Diversification Opportunities for Aena SME and Airports
Very weak diversification
The 3 months correlation between Aena and Airports is 0.57. Overlapping area represents the amount of risk that can be diversified away by holding Aena SME SA and Airports of Thailand in the same portfolio, assuming nothing else is changed. The correlation between historical prices or returns on Airports of Thailand and Aena SME is a relative statistical measure of the degree to which these equity instruments tend to move together. The correlation coefficient measures the extent to which returns on Aena SME SA are associated (or correlated) with Airports. Values of the correlation coefficient range from -1 to +1, where. The correlation of zero (0) is possible when the price movement of Airports of Thailand has no effect on the direction of Aena SME i.e., Aena SME and Airports go up and down completely randomly.

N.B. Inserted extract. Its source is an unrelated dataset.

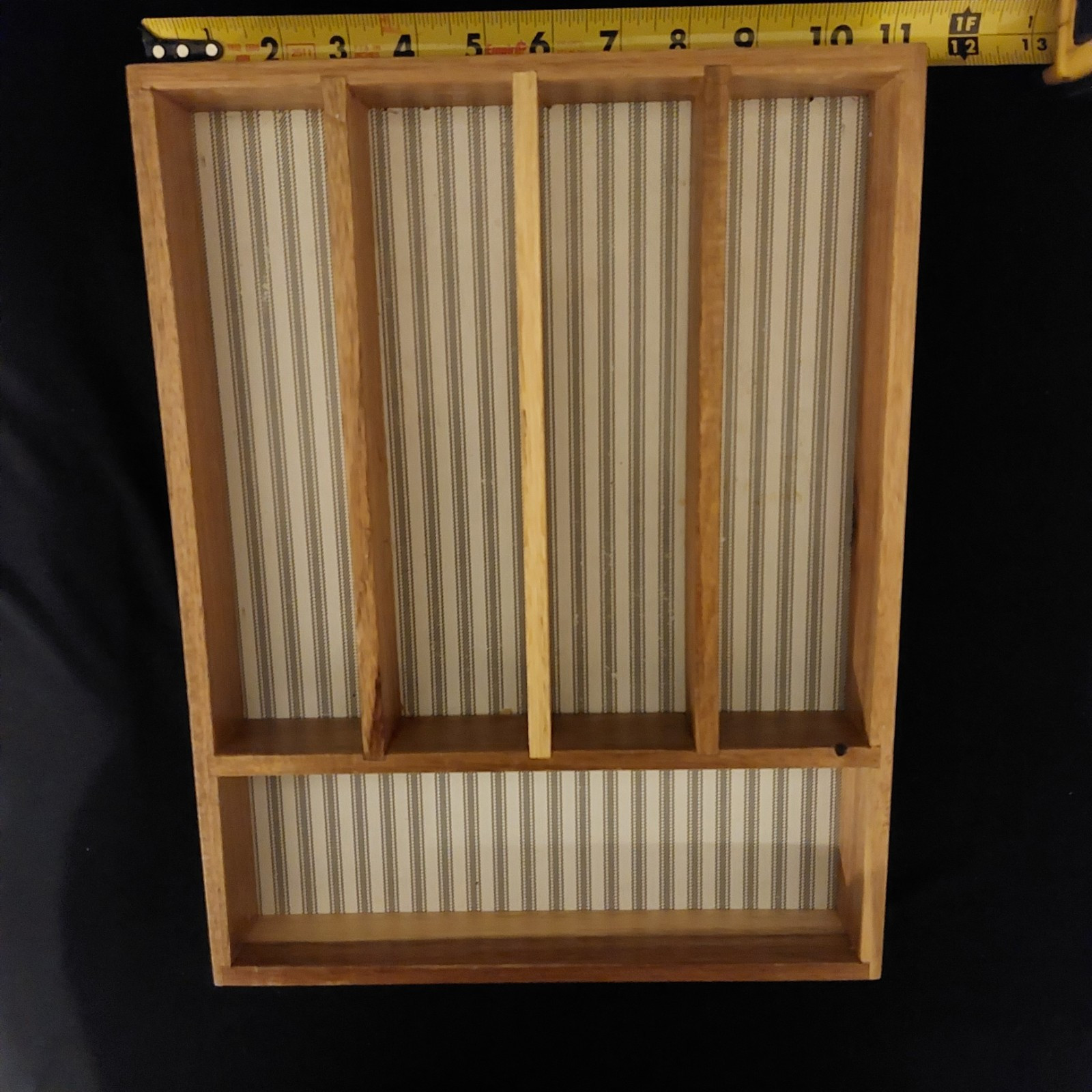 Bee and Willow 2018 Drawer Insert Silverware Organizer 11" x 14"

Pair Corralation between Aena SME and Airports
Assuming the 90 days horizon Aena SME is expected to generate 4.55 times less return on investment than Airports. But when comparing it to its historical volatility, Aena SME SA is 1.56 times less risky than Airports. It trades about 0.01 of its potential returns per unit of risk. Airports of Thailand is currently generating about 0.03 of returns per unit of risk over similar time horizon. If you would invest 163.00 in Airports of Thailand on August 31, 2024 and sell it today you would earn a total of 1.00 from holding Airports of Thailand or generate 0.61% return on investment over 90 days.
Time Period | 3 Months [change] |
Direction | Moves Together |
Strength | Weak |
Accuracy | 100.0% |
Values | Daily Returns |
Aena SME SA vs. Airports of Thailand
Performance |
Timeline |
Aena SME SA |
Airports of Thailand |
Aena SME and Airports Volatility Contrast
Predicted Return Density |
Returns |
Pair Trading with Aena SME and Airports
The main advantage of trading using opposite Aena SME and Airports positions is that it hedges away some unsystematic risk. Because of two separate transactions, even if Aena SME position performs unexpectedly, Airports can make up some of the losses. Pair trading also minimizes risk from directional movements in the market. For example, if an entire industry or sector drops because of unexpected headlines, the short position in Airports will offset losses from the drop in Airports' long position.Aena SME vs. AENA SME UNSPADR110 | Aena SME vs. Superior Plus Corp | Aena SME vs. NMI Holdings | Aena SME vs. Origin Agritech |
Airports vs. Airports of Thailand | Airports vs. Auckland International Airport | Airports vs. Aena SME SA | Airports vs. Ryanair Holdings plc |
Check out your portfolio center.Note that this page's information should be used as a complementary analysis to find the right mix of equity instruments to add to your existing portfolios or create a brand new portfolio. You can also try the Portfolio Rebalancing module to analyze risk-adjusted returns against different time horizons to find asset-allocation targets.